The Munch Museum's "Scream" is painted in tempera on cardboard (making it tricky to repair the damage inflicted during the theft). Across town, in Oslo's National Gallery, there's another version in oil on canvas (which has also been stolen, back in 1994). In addition, there are lithographs and woodcuts, with countless variations in color. For Munch, this was not just a painting; it was an archetype, part of an elemental emotional language.

SO IT might be argued that the T-shirts and mouse pads are merely extensions of Munch's own practice. The wars and genocides of the 20th century made the image seem prophetic, as did the rise of psychoanalysis. In the nuclear age, Munch's Oslofjord looked aglow with a radioactive firestorm.

But the image's presence in popular culture goes beyond that. Warhol gave it his silkscreen treatment, along with Marilyn and the soup can; it's turned up in advertisements, in The Simpsons, in Shah Rukh Khan's remake of Don, and it is the inspiration for the mask worn by Ghostface in Wes Craven's Scream series.

All of which is, in some way, a tribute to the power of Munch's creation, even as it saps some of that power. For Munch himself, the public appropriation of this out-crop of his inner world would have been deeply disconcerting. "I do not believe in art if it does not arise from the creator's urge to open his heart," he wrote.

His credo of artistic authenticity may seem dated or naive now (though not to me), but as a visit to the Munch Museum makes palpable, there is a concrete bond between the artist and the artwork. Much of Munch's power is tactile; it's in the texture of the paint and the canvas, and you get only a hint of that in reproductions.

A visit to the museum also makes clear that there's much more to Munch than "The Scream," or the other famous images created in the 1890s. Personally, I prefer Munch when he's more himself: less desperate to universalize. Landscapes that are monumental yet evanescent; subtly observed portraits and especially self-portraits; majestic colors.

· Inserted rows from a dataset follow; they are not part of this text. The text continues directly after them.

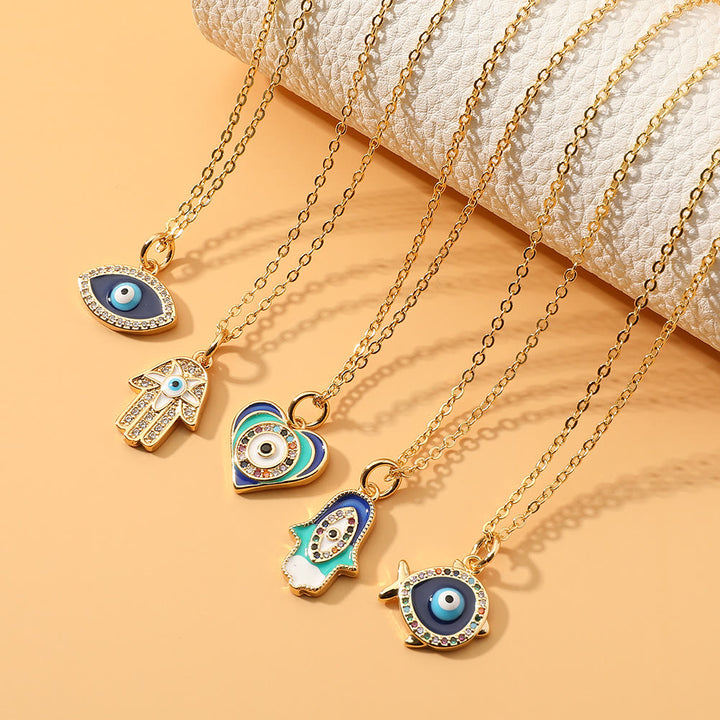 Collier en époxy en forme de cœur avec le mauvais œil Hamsa Olivenorma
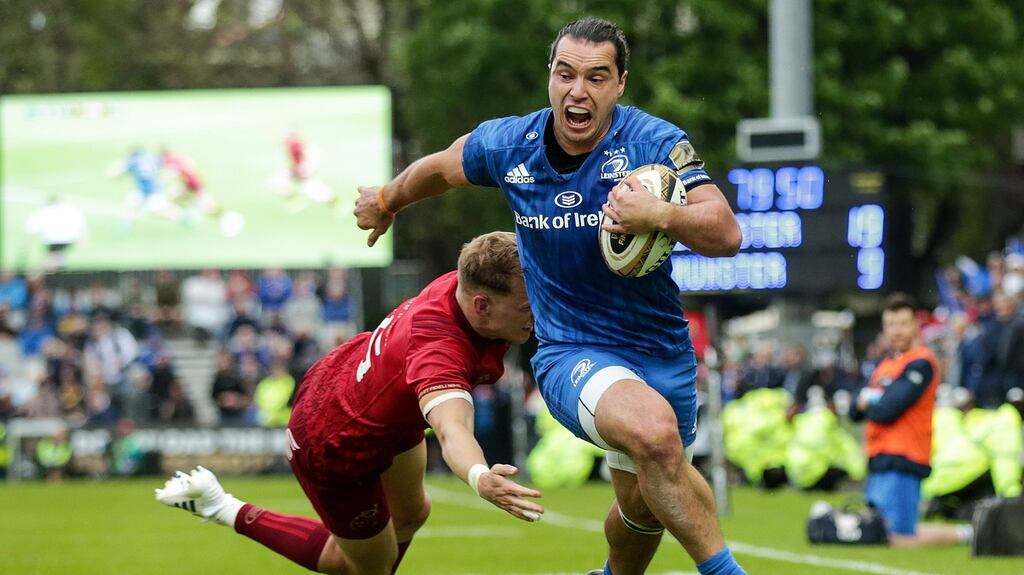 Leinster’s James Lowe evades Munster’s Mike Haley on his way to scoring a try in the  Guinness Pro14 semi-final  at the RDS, Dublin on Saturday. Photograph: Laszlo Geczo/Inpho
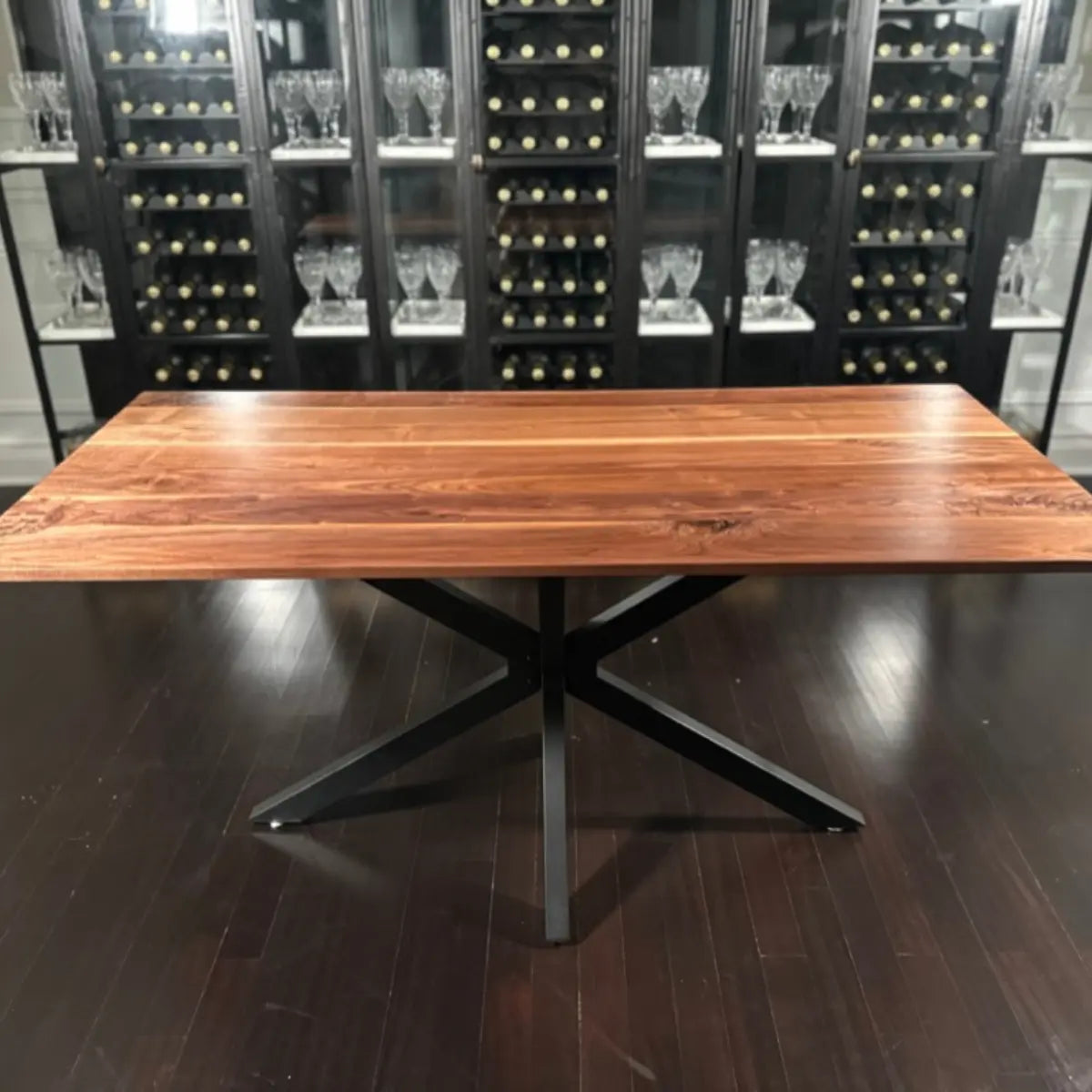 Handcrafted walnut dining table with black steel X-base, set in a modern interior with glassware display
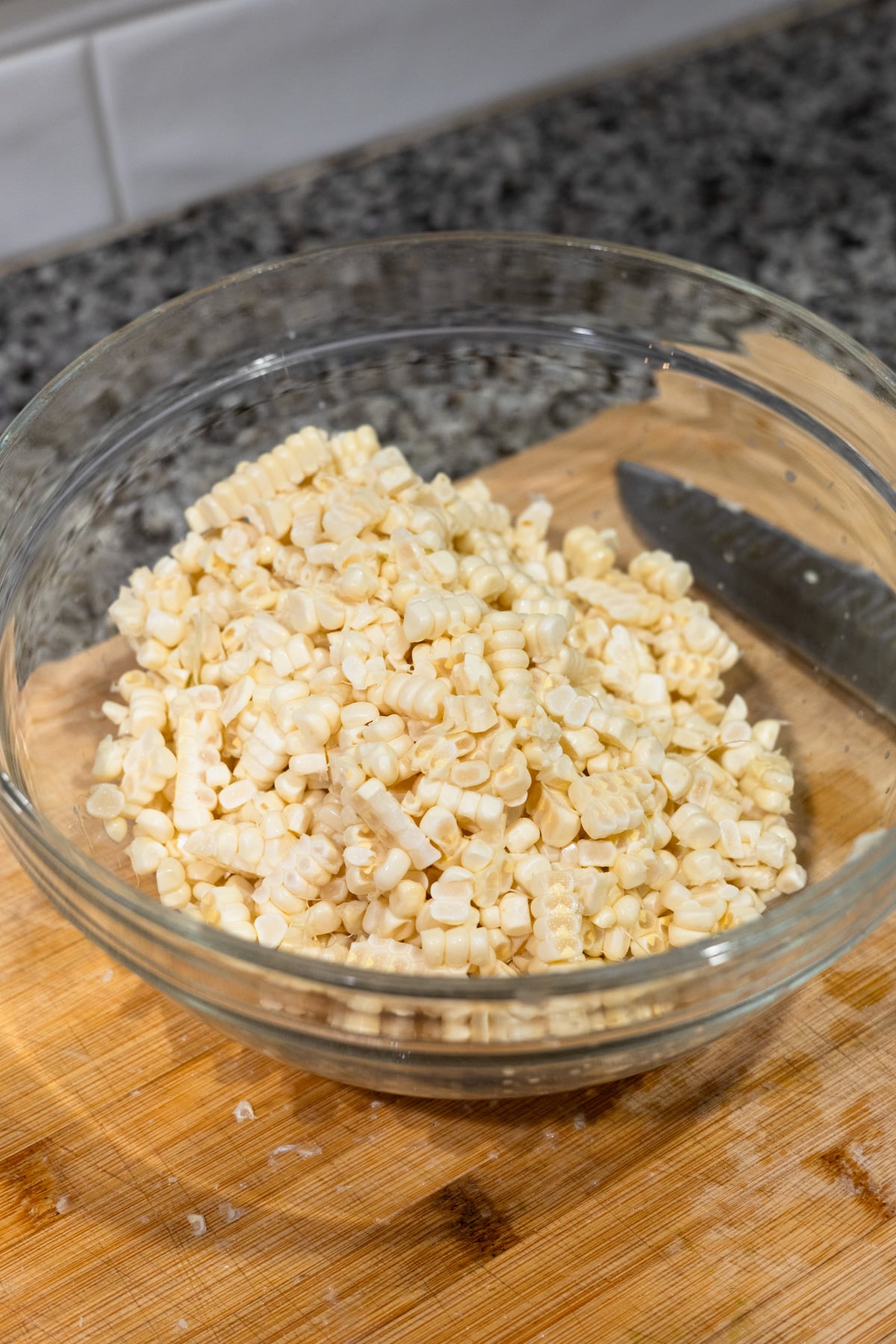 A glass bowl filled with freshly cut corn kernels sits on a wooden cutting board next to a knife, with a granite countertop and white tile backsplash in the background.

Always, Munch is striving for something original: his compositions are deeply considered and full of surprises. And always, he is painting with a purpose, working to give form to what he called "new-born thoughts that still have not taken shape."

Part of Munch's genius lies in his evocation of isolation; but though mentally embattled from an early age, he was not an entirely isolated genius. As a young man he was drawn into Oslo's bohemian counter-culture, where he was exposed to anarchist and revolutionary ideas.

He enjoyed friendships with a wide range of contemporary Scandinavian and European artists and writers, who saw Munch's work as part of a broader avant-garde challenge to a complacent establishment. An establishment that reacted accordingly, condemning the subject, tone and technique of Munch's groundbreaking paintings of the 1890s. He was not accepted as the master he obviously was until he was past 40.

In 1937, the Nazis condemned Munch's work as "degenerate" and sold off the scores of Munch paintings held in German museums. When they occupied Norway in 1940, Munch refused to have anything to do with them. He confessed to a friend that the "phantoms" that had haunted him for years had been put in the shade by the giant "phantom" at loose in the real world.

So my own tribute to Munch is a resolution never to wear "The Scream" on a T-shirt. It's a motif that shouldn't be trifled with.